En effet, la direction centrale de la police aux frontières dispose d'un parc roulant comprenant 946 véhicules.
Or, en 2001, les besoins exprimés dans le cadre des créations de services ont porté sur 35 véhicules , mais seuls 16 véhicules ont pu être commandés en fonction des crédits accordés, soit 46 % et seulement 8 avaient été livrés à la fin du premier semestre 2002.
Par ailleurs, alors que 263 véhicules étaient renouvelables en 2001, seuls 164 d'entre eux ont été retenus, soit 62 % , et seuls 86 % de ces véhicules avaient été livrés à la fin du premier semestre 2002.

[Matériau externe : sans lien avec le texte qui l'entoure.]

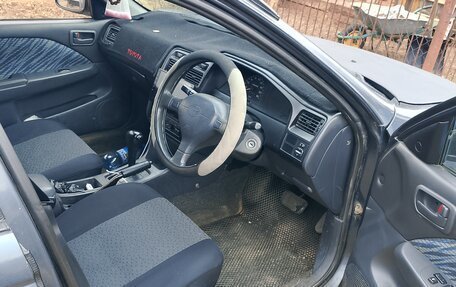 Toyota Caldina, 2001 год, 300 000 рублей, 2 фотография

De même, en 2002, les besoins exprimés dans le cadre des créations de services ont porté sur 27 véhicules , mais seuls 19 véhicules ont pu être commandés en fonction des crédits accordés, soit 70 % et aucun de ces véhicules n'avait été livré à la fin du premier semestre 2002, les délégations de crédits ne devant intervenir qu'à la fin du mois de juillet 2002.

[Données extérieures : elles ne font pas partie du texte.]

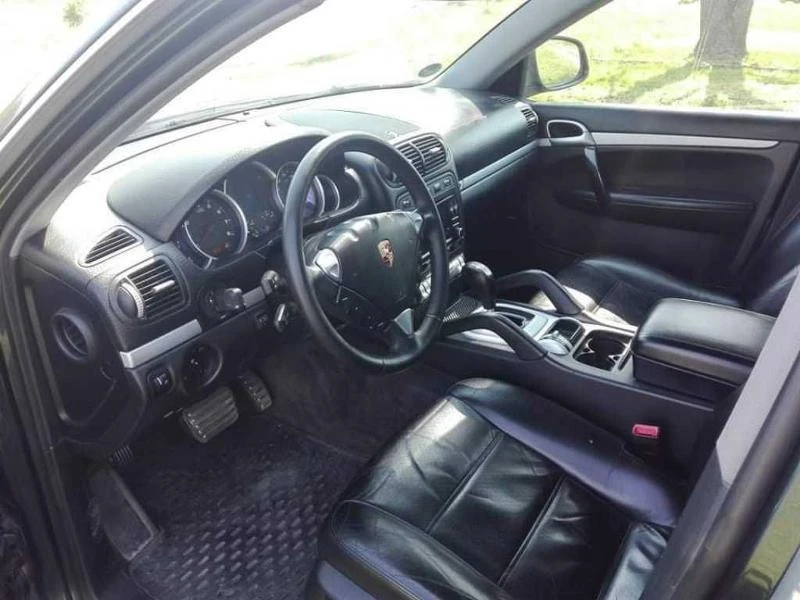 Porsche Cayenne 4.5 V8, снимка 9 - Автомобили и джипове - 29275557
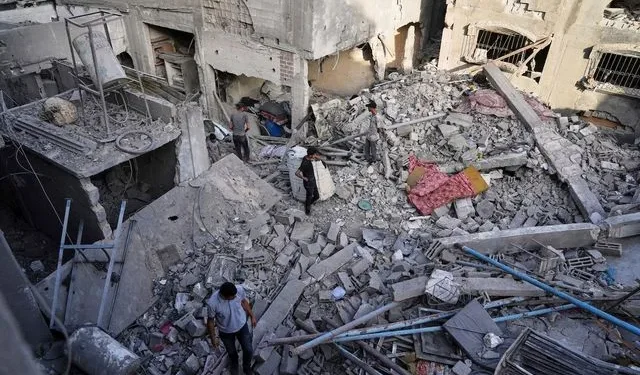 Νέοι ισραηλινοί βομβαρδισμοί σε νοσοκομείο στη Γάζα - Τουλάχιστον 80 νεκροί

Par ailleurs, alors que 231 véhicules étaient renouvelables en 2001, seuls 87 d'entre eux ont été retenus, soit 38 % , et seuls 86 % de ces véhicules avaient été livrés à la fin du premier semestre 2002.
L'accélération du renouvellement du parc automobile de la police aux frontières est pourtant rendue nécessaire par l'intensification des contrôles en mobilité dans la bande frontalière des 20 kilomètres, par l'augmentation du nombre des escortes et des transferts des étrangers en instance d'éloignement, ainsi que par le recentrage des activités des personnels de la police aux frontières sur les aires urbaines.
De même, le parc automobile de la gendarmerie vieillit, en particulier pour les véhicules lourds : selon la direction générale de la gendarmerie nationale, l'âge moyen des fourgons car de maintien de l'ordre est ainsi de plus de 13 ans et celui des véhicules blindés de maintien de l'ordre, de 25 ans.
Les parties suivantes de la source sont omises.